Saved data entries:
- - -

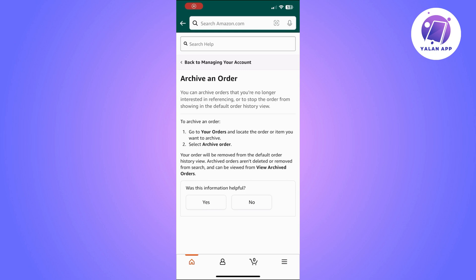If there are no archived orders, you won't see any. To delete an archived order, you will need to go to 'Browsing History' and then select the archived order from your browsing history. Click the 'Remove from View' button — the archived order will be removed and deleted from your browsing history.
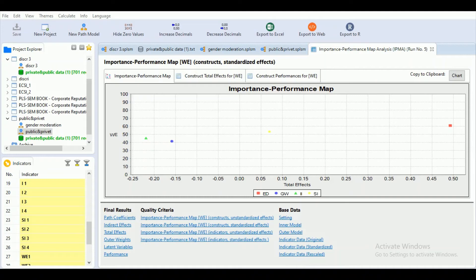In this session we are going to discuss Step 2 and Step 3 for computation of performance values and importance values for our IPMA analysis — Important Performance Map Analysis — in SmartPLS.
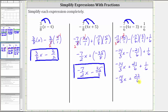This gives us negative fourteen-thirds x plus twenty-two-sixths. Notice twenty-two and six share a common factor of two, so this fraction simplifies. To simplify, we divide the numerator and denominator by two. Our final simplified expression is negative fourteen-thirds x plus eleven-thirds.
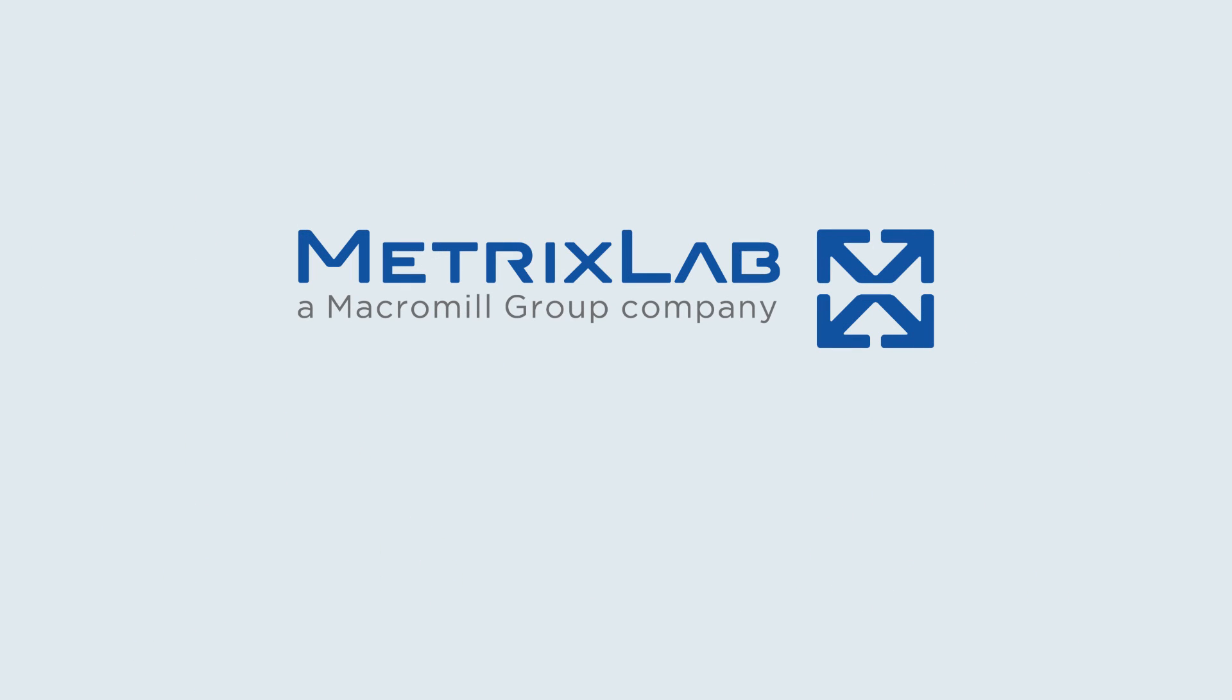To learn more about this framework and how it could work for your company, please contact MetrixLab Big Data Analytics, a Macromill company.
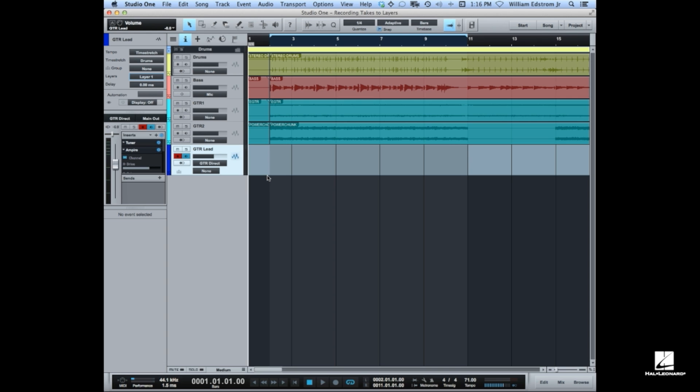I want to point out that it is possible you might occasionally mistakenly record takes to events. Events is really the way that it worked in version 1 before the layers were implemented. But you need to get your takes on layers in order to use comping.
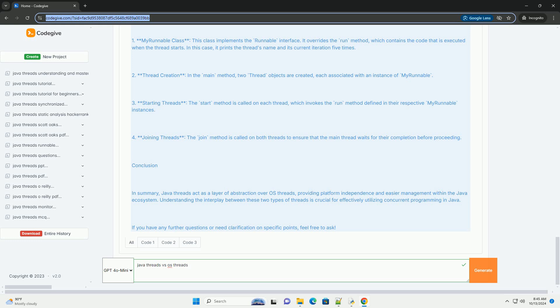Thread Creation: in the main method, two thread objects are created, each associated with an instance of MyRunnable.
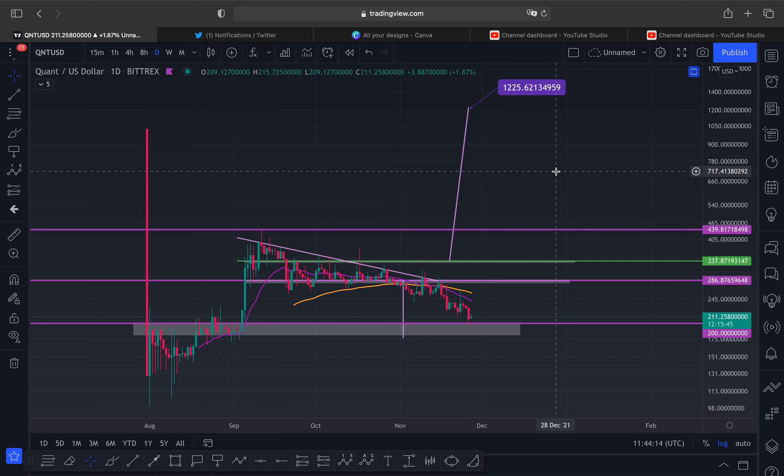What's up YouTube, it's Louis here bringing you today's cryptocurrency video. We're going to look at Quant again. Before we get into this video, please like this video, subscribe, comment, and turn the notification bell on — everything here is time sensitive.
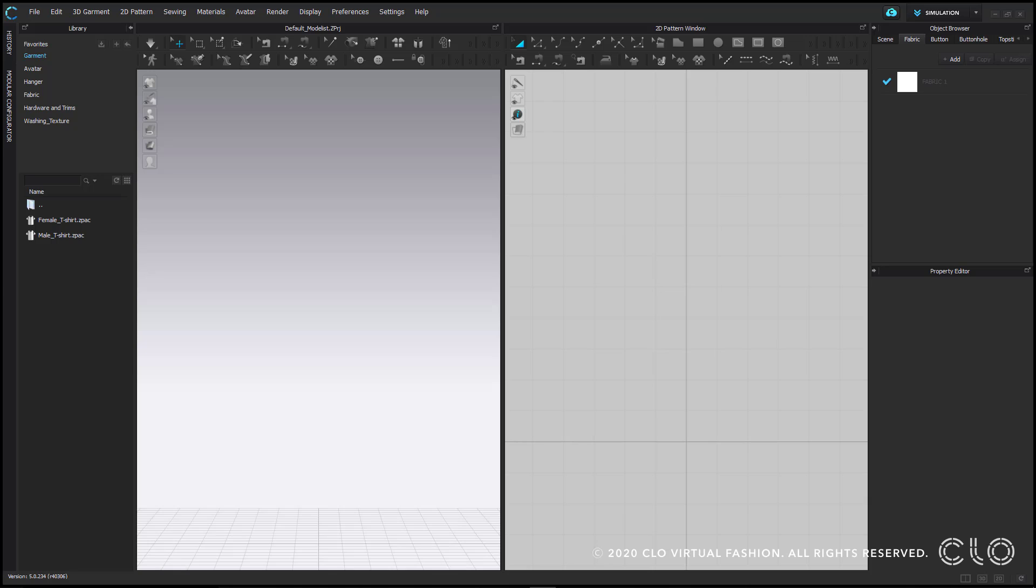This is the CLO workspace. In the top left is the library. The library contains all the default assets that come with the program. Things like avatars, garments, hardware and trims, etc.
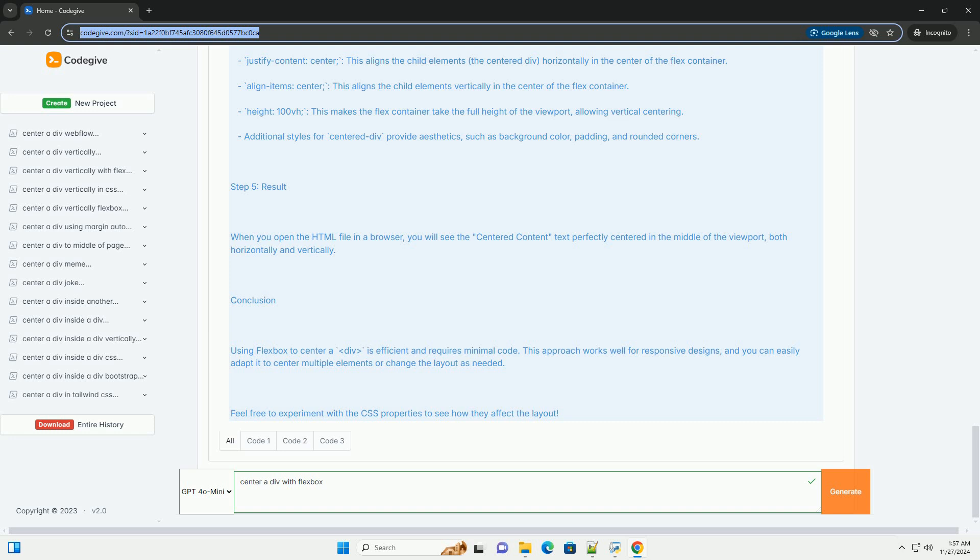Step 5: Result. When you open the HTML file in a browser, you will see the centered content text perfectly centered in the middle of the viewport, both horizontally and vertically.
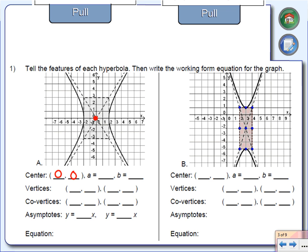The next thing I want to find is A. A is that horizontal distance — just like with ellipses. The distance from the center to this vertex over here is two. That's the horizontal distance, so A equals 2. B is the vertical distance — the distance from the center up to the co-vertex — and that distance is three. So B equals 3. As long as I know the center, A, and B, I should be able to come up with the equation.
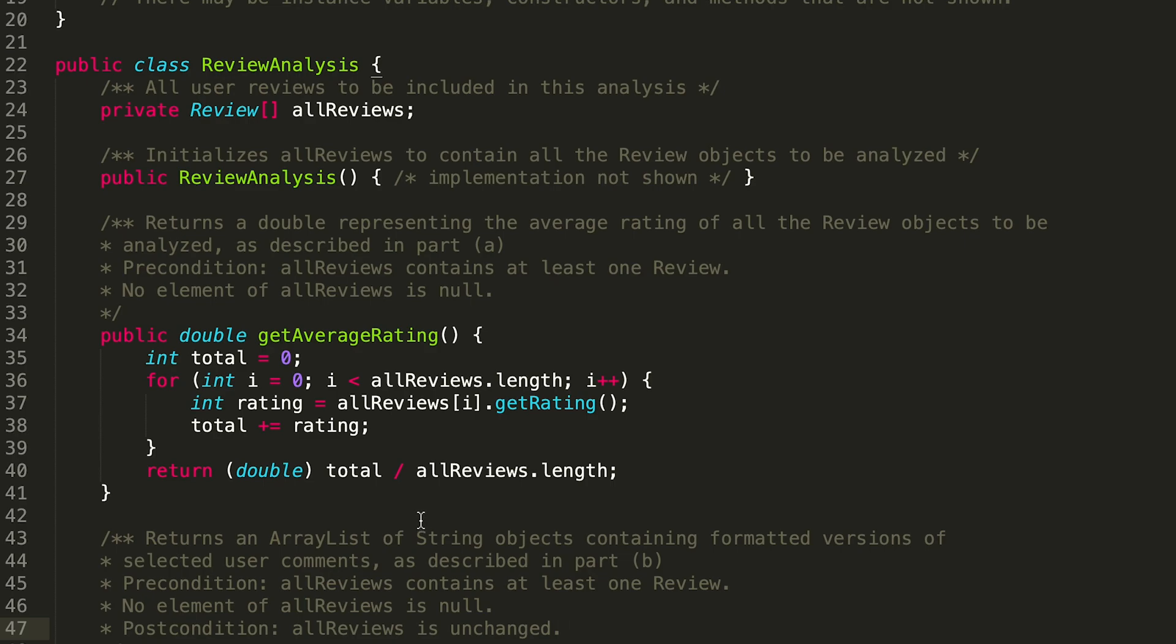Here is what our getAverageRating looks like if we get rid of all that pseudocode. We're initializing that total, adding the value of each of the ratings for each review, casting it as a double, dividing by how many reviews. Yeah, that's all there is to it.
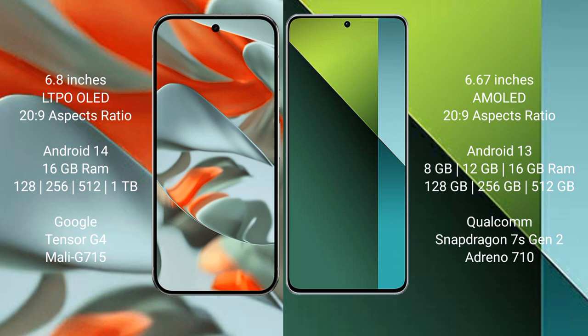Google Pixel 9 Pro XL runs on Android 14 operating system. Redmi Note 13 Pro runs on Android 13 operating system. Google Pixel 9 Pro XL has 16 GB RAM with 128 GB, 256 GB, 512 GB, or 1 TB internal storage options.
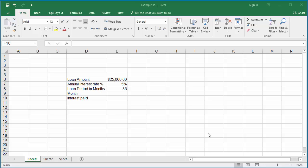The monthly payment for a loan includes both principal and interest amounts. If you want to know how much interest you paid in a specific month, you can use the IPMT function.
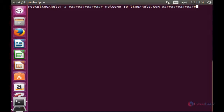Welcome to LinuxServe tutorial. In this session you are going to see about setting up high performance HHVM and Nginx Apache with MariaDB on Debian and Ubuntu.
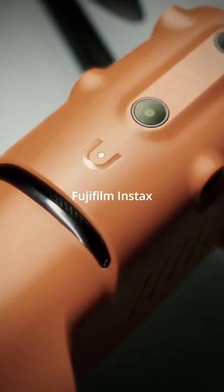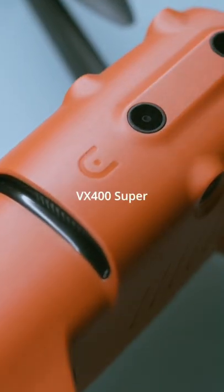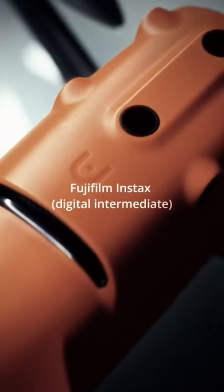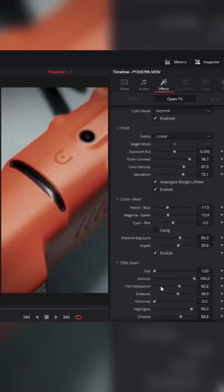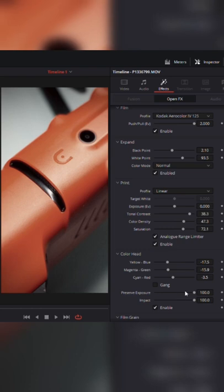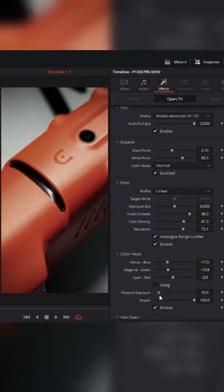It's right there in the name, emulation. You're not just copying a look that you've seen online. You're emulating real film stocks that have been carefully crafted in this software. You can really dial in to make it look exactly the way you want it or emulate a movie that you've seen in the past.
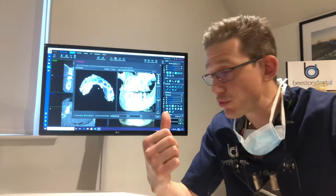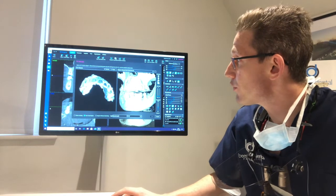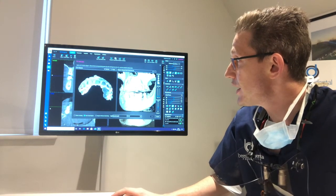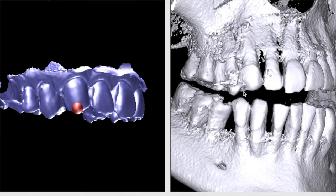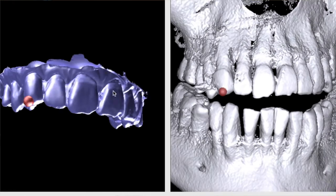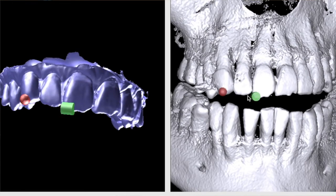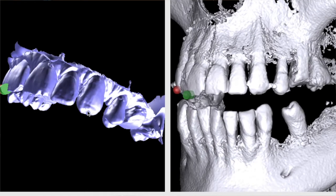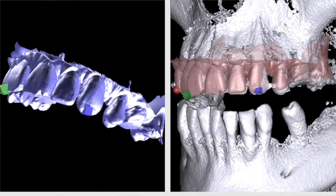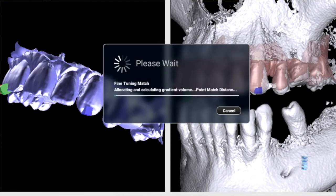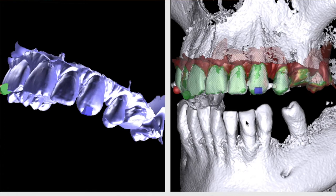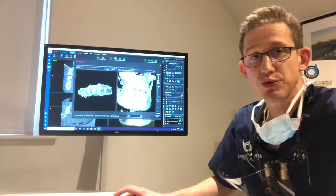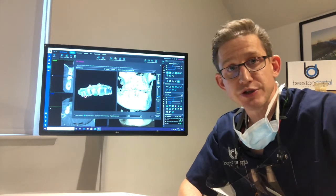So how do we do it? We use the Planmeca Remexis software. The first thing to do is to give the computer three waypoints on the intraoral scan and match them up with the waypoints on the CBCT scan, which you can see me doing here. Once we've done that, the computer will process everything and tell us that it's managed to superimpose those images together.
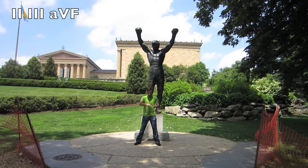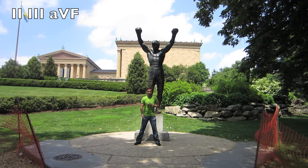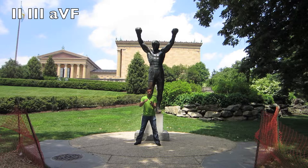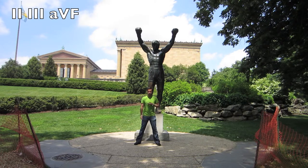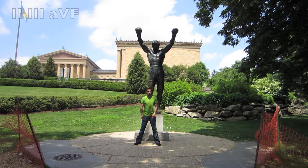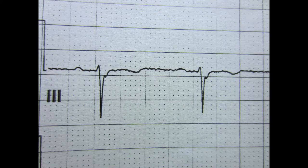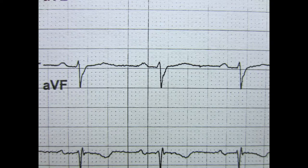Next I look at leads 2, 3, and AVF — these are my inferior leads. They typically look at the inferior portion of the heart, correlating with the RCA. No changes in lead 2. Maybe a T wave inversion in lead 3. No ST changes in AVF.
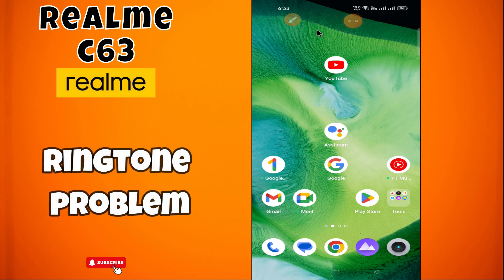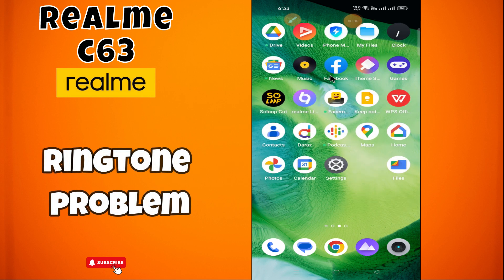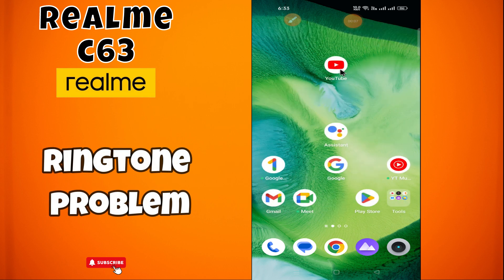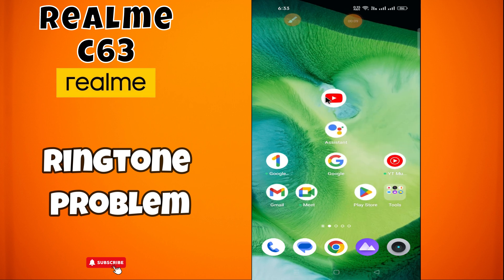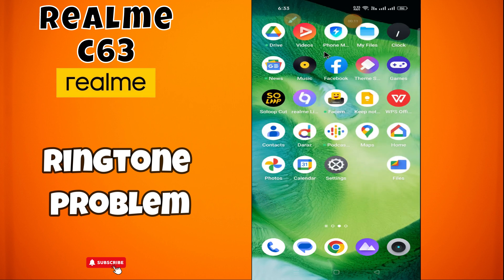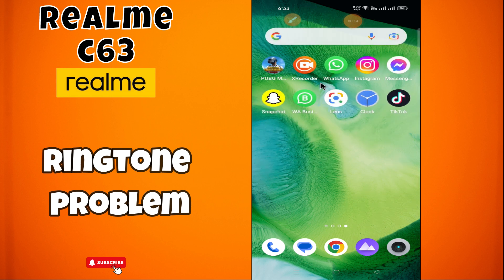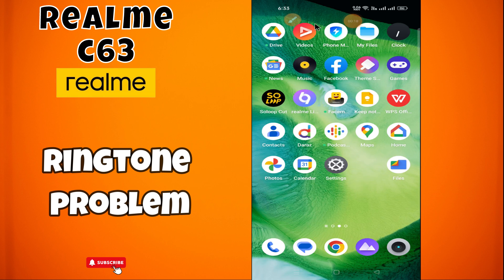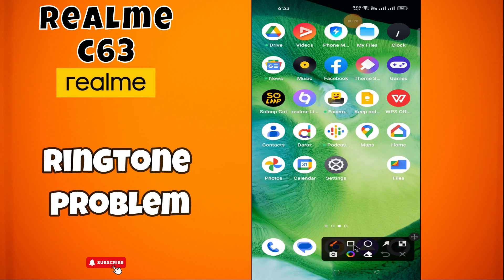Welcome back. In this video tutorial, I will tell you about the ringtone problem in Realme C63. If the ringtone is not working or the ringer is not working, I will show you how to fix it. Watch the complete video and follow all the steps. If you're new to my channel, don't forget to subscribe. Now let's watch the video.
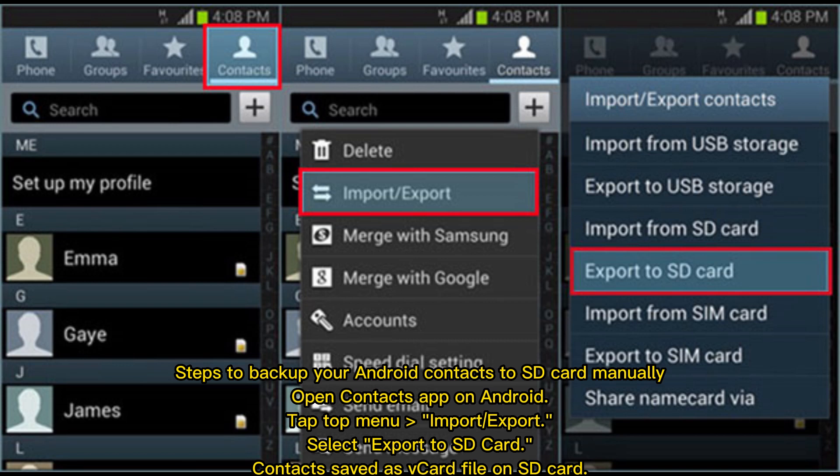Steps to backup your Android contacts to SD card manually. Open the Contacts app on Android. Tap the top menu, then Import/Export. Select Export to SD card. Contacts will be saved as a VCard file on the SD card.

- - -

▶ [Exercise prompt]: With the pictures left out, give again exactly the lines from the one that contains "So how do we" through the final line of the data above.

▶ [Written response]:
So how do we do it? We use the Planmeca Remexis software. The first thing to do is to give the computer three waypoints on the intraoral scan and match them up with the waypoints on the CBCT scan, which you can see me doing here. Once we've done that, the computer will process everything and tell us that it's managed to superimpose those images together.
Next I look at leads 2, 3, and AVF — these are my inferior leads. They typically look at the inferior portion of the heart, correlating with the RCA. No changes in lead 2. Maybe a T wave inversion in lead 3. No ST changes in AVF.
Welcome back. In this video tutorial, I will tell you about the ringtone problem in Realme C63. If the ringtone is not working or the ringer is not working, I will show you how to fix it. Watch the complete video and follow all the steps. If you're new to my channel, don't forget to subscribe. Now let's watch the video.
Steps to backup your Android contacts to SD card manually. Open the Contacts app on Android. Tap the top menu, then Import/Export. Select Export to SD card. Contacts will be saved as a VCard file on the SD card.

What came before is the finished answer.